3.2.2. Öte yandan; Türk Medeni Kanunu’nun (TMK) 1023. maddesinde aynen "Tapu kütüğündeki sicile iyi niyetle dayanarak mülkiyet veya başka bir ayni hak kazanan üçüncü kişinin bu kazanımı korunur" düzenlemesine yer verilmiş; aynı ilke tamamlayıcı madde niteliğindeki 1024. maddenin 1. fıkrasında "Bir ayni hak yolsuz olarak tescil edilmiş ise bunu bilen veya bilmesi gereken üçüncü kişi bu tescile dayanamaz" biçiminde öngörülmüştür.
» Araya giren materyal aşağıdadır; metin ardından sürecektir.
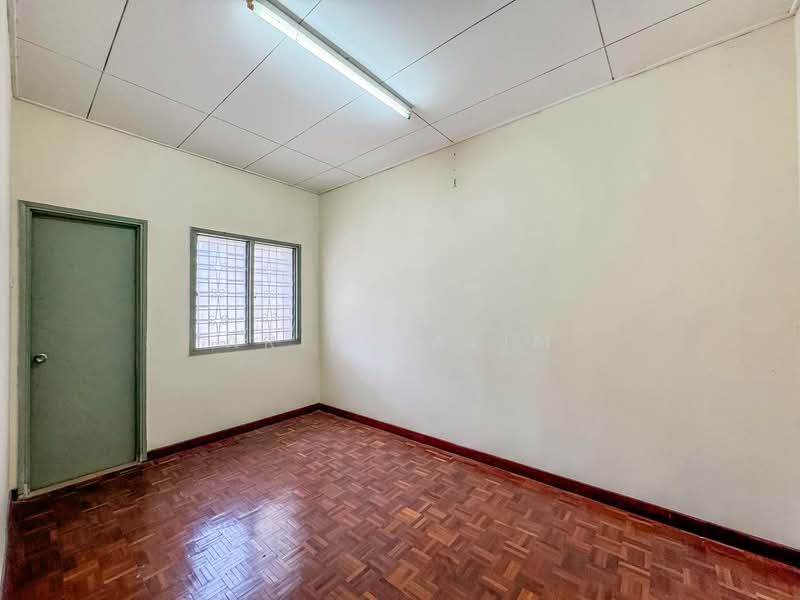 For Sale - Bandar Tasik Kesuma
Kötü niyet iddiasının def'i değil itiraz olduğu, iddia ve müdafaanın genişletilmesi yasağına tabi olmaksızın her zaman ileri sürülebileceği ve mahkemece kendiliğinden (resen) nazara alınacağı” ilkeleri 08.11.1991 tarihli l990/4 Esas l99l/3 Karar sayılı İçtihadı Birleştirme Kararında kabul edilmiş, bilimsel görüşler de aynı doğrultuda gelişmiştir.

3.3. Değerlendirme

(IV/3.) numaralı paragraftaki gerekçe yerinde bulunmakla; dosya içeriğine, toplanan delillere, hükmün dayandığı yasal ve hukuksal gerekçeye, delillerin takdirinde bir isabetsizlik bulunmamasına göre, yazılı şekilde karar verilmesinde bir isabetsizlik yoktur.

VI. SONUÇ:

Açıklanan nedenlerle, asıl ve birleştirilen davada davalılar ... ve ... ile ... vekilinin yerinde bulunmayan temyiz itirazlarının reddiyle usul ve yasaya uygun olan hükmün ONANMASINA, aşağıda yazılı 16.215,00 TL bakiye onama harcının temyiz eden davalılardan alınmasına, 13/04/2022 tarihinde kesin olmak üzere oybirliğiyle karar verildi.